Some of our villagers and fisherfolk show remarkable abilities although nobody seems to have gauged their intelligence using modern methods. For instance, a farmer knows when it would rain and a fisherman knows when he should avoid going to the sea. Even the ancient Trukese who used their own system of navigation did not have access to complicated navigational tools. But they were exemplary navigators.

Although we take intelligence for granted, psychologists have been dissecting it for many decades. Psychologist Howard Gardner who developed a theory of multiple intelligences divided intelligence into eight parts which are inter-dependent. In addition to the eight types - musical, bodily kinesthetic, logical mathematical, linguistic, spatial, inter-personal, intra-personal and naturalist - Gardner said there could be even more types of intelligence.

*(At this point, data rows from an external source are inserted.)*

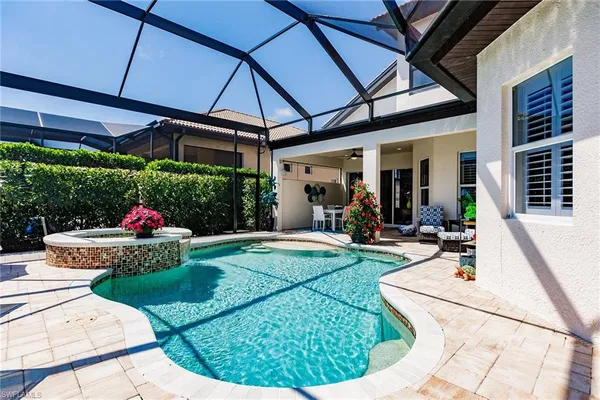 a view of a swimming pool with a porch in front of it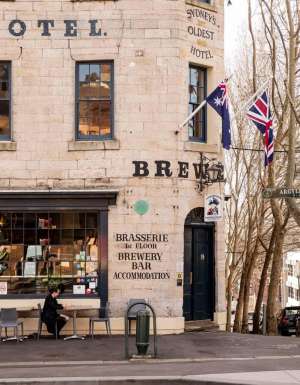 A patron sits out front of the Lord Nelson Pub in The Rocks.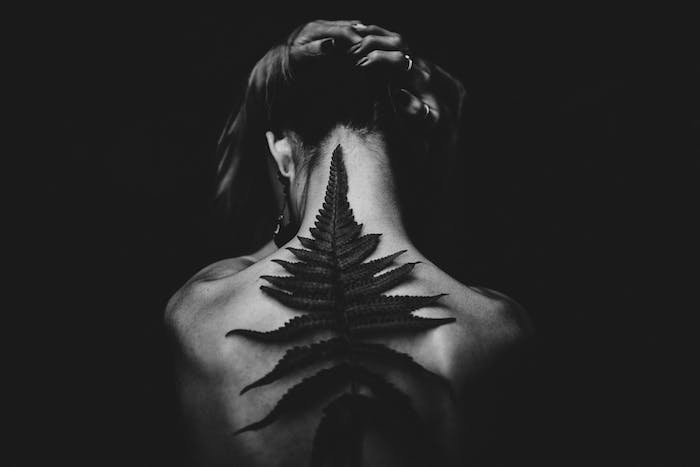 woman holding her hair, 3d back tattoo, love quotes tumblr, black and white photo
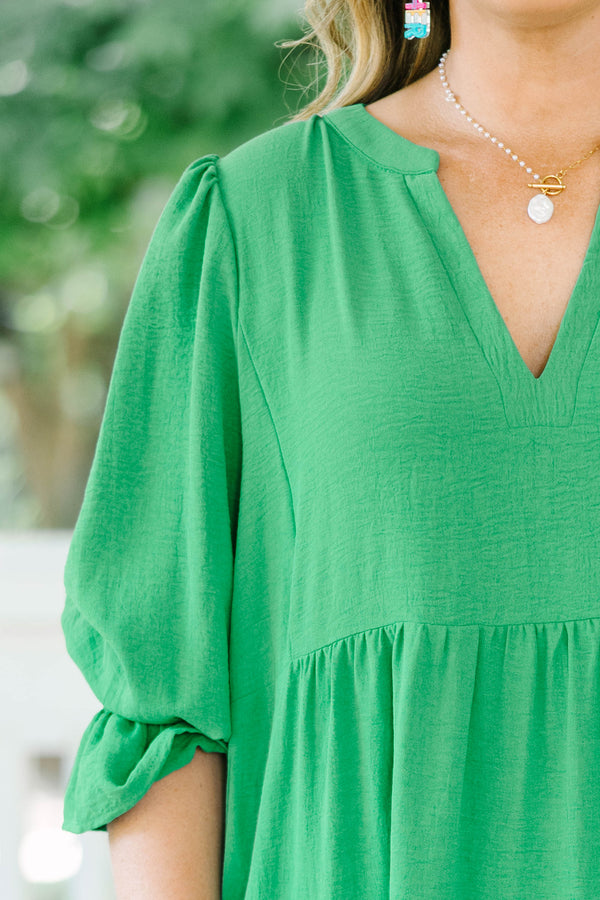 Plus Size green tiered midi dress with a V-neckline and three-quarter length sleeves.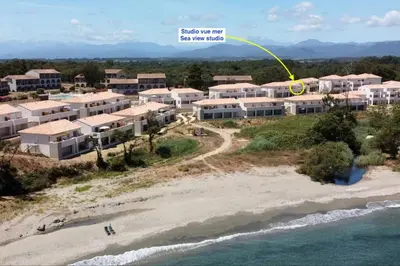 an aerial view of a resort on the beach at Studio 2 personnes vue mer et pieds dans l'eau in Linguizzetta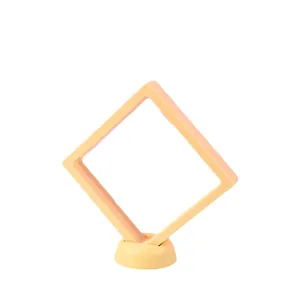 Creamy yellow PE film floating jewelry display box with round base for rings and coins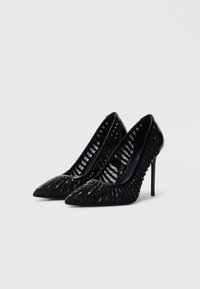 Décolleté nere con tacco alto a punta, caratterizzate da un motivo intrecciato e una superficie liscia, montate su sottili tacchi a spillo.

Where is intelligence located? Using brain-scanning methods, psychologists have found that intelligence resides in certain areas of the brain. Although the areas cannot be demarcated precisely, the area above the outer edge of the eyebrow is supposed to be critical to juggling many pieces of information and solving problems.

In our day-to-day dealings we come across people gifted with practical intelligence. They have the presence of mind to take a crucial decision. Such people generally live happily because they know how to deal with mundane problems. Sometimes practical intelligence may not be related to one's education. That is why we have professors who cannot solve minor domestic problems.

Very often we come across people of high IQ (Intelligence Quotient) floundering while those of modest IQ do surprisingly well. Daniel Goleman in his ground-breaking book Emotional Intelligence shows the factors at work such as self-awareness, self-discipline, and empathy that add up to a different way of being smart. He says that emotional intelligence is not fixed at birth. It can be nurtured and strengthened throughout adulthood. The book gives us an entirely new way of looking at the root causes of many of our problems.

The late Dr. Abraham T. Kovoor who was a rationalist and iconoclast in one of his lectures said, "We are born with brains without any intelligence." He compared the brain to an empty pocket. Constant learning would fill the brain with intelligence, he said. I do not think any psychologist would agree with this view.

Psychologists, however, debate whether intelligence is fixed at birth or whether a person can improve it through learning. Entity theorists believe that no amount of life experience or hard work can change a person's intelligence. On the contrary, incremental theorists say that intelligence is something flexible and variable.

The fast growing literature on intelligence is something we can look forward to with abiding interest. After all, it is intelligence that separates the wheat from the chaff.